Пример #1
0
 def _parse_dump(self, filepath):
     f = gzip.open(filepath, 'rb')
     context = iter(etree.iterparse(f, events=("start", "end")))
     
     event, root = context.next()
     offset = 0
     count  = 0
     
     # loop through XML and parse each product element as a book Entity
     for event, elem in context:
         if event == "end" and elem.tag == "product" and elem.get('product_id') is not None:
             root.clear()
             
             if offset < Globals.options.offset:
                 offset += 1
                 continue
             
             if Globals.options.limit and count >= Globals.options.limit:
                 break
             
             try:
                 #assert 'books' == elem.find('.//primary').text.lower()
                 #assert 'USD' == elem.find('price').get('currency')
                 #assert float(elem.find('price').find('retail').text) >= 0.0
                 
                 entity = Entity()
                 entity.subcategory  = "book"
                 
                 entity.title        = elem.get('name')
                 entity.bid          = int(elem.get('product_id'))
                 entity.sku_number   = elem.get('sku_number')

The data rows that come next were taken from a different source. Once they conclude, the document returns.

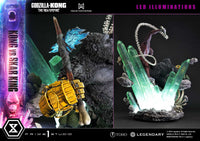 Prime 1 Studio Ultimate Diorama Masterline Godzilla x Kong: The New Empire Kong vs Skar King Bonus Version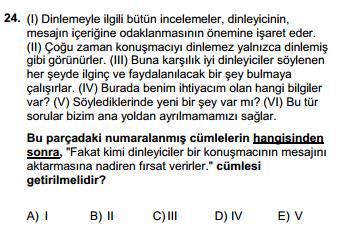 Karşılaştırmanın İşlevlerini Belirler. 4. Tanık Göstermenin İşlevlerini Belirler. 5. Örneklendirmenin İşlevlerini Belirler. 6.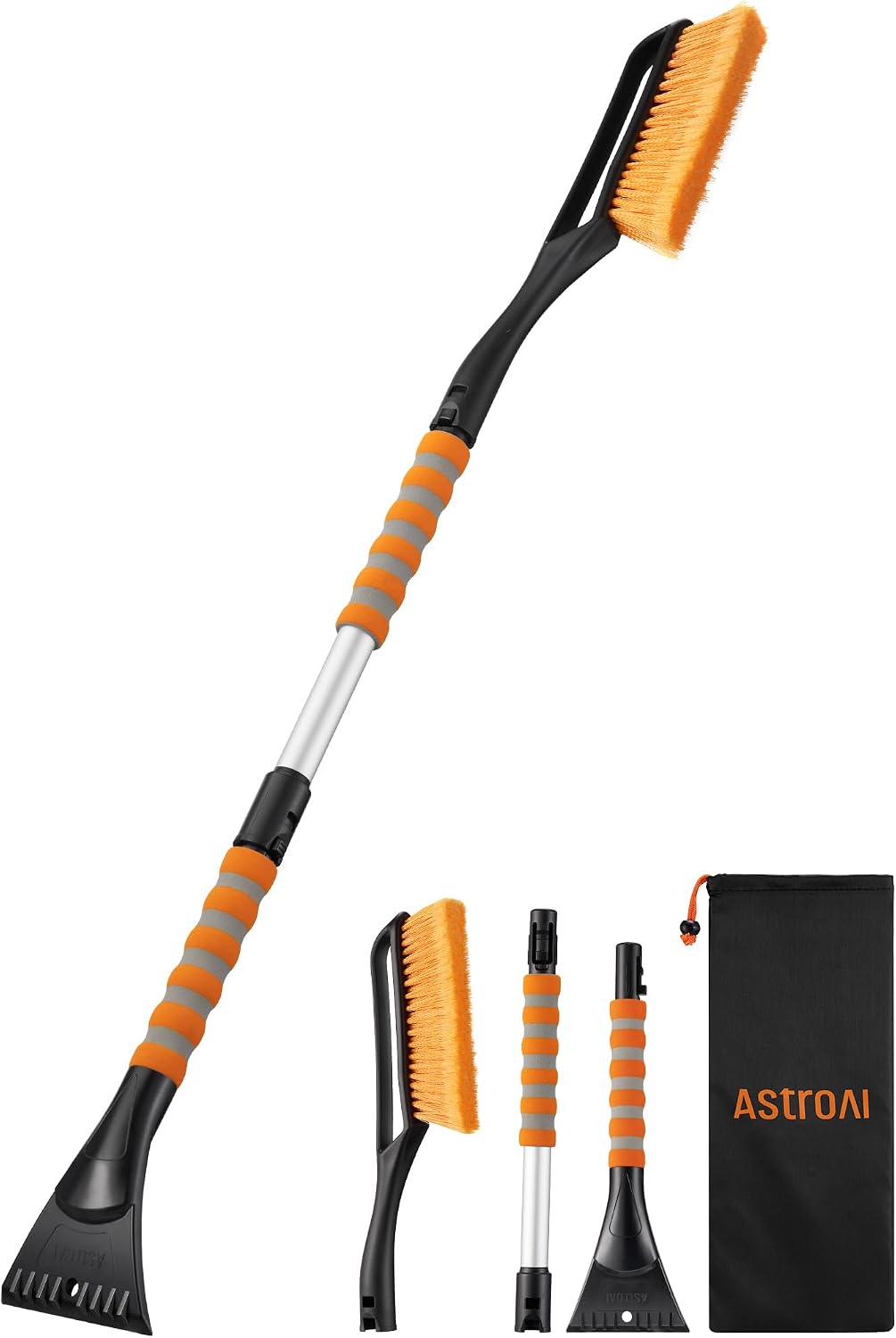 Detalle de AstroAI Snow Brush and Ice Scraper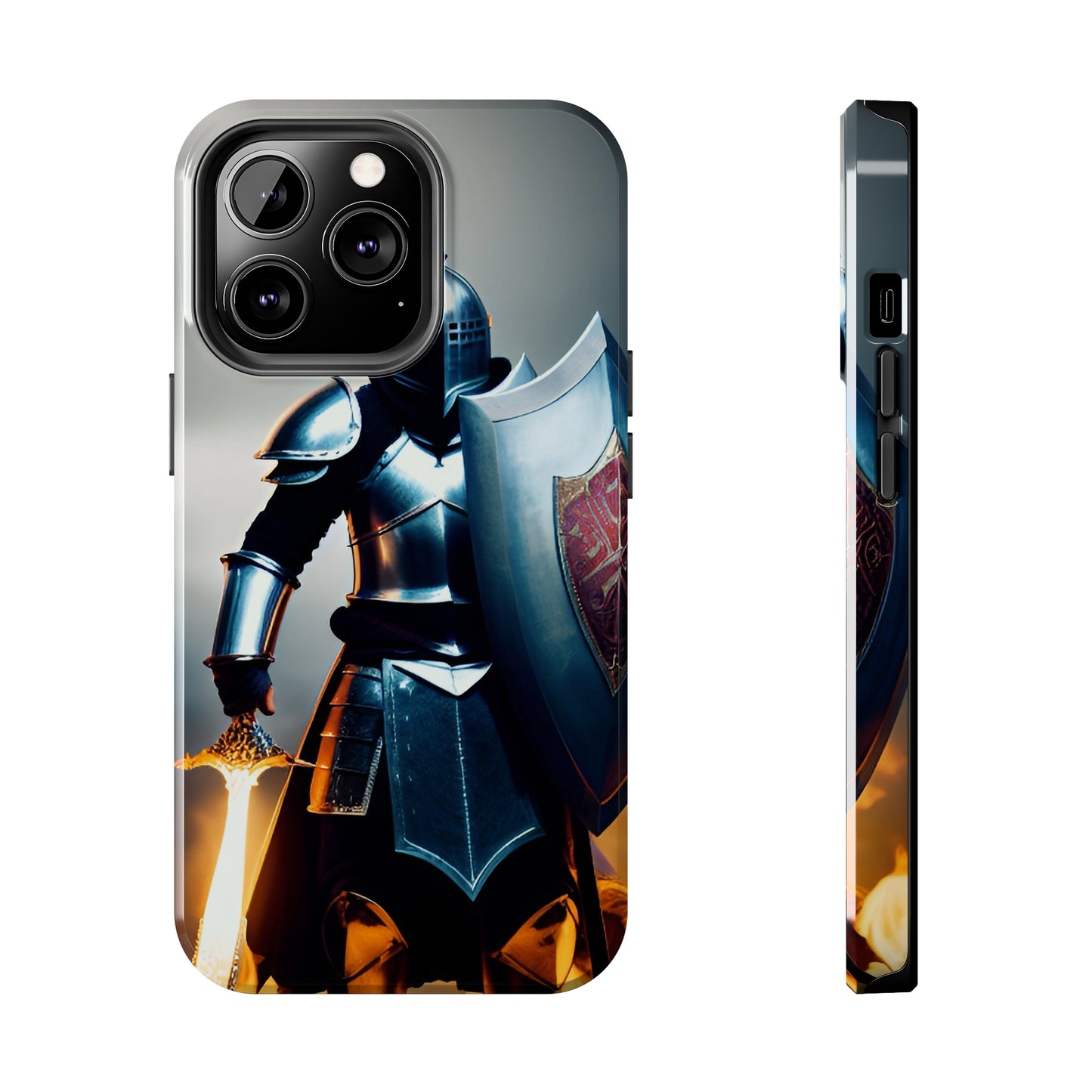 Knight Protector Tough Phone Cases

                 entity.image        = elem.find('.//productImage').text
                 
                 entity.author       = elem.find('.//Author').text
                 entity.publisher    = elem.find('.//Publisher').text
                 entity.publish_date = elem.find('.//Publish_Date').text
                 isbn = elem.find('.//ISBN').text
                 
                 if isbn is None or len(isbn) <= 0:
                     continue
                 
                 entity.isbn         = isbn
                 
                 desc = elem.find('description')
                 is_english = 'nglish' in etree.tostring(desc)
                 
                 if not is_english:
                     continue
                 
                 #print etree.tostring(elem, pretty_print=True)
                 #self._globals['books'] = elem
                 #pprint(entity.value)
                 
                 self._output.put(entity)
                 count += 1
                 
                 # give the downstream consumer threads an occasional chance to work
                 if 0 == (count % 512):
                     time.sleep(0.1)
                 
                 parent = elem.getparent()
                 while True:
                     prev = elem.getprevious()
                     if prev is None:
                         break
                     parent.remove(prev)
                 
                 elem.clear()
             except Exception, e:
                 utils.printException()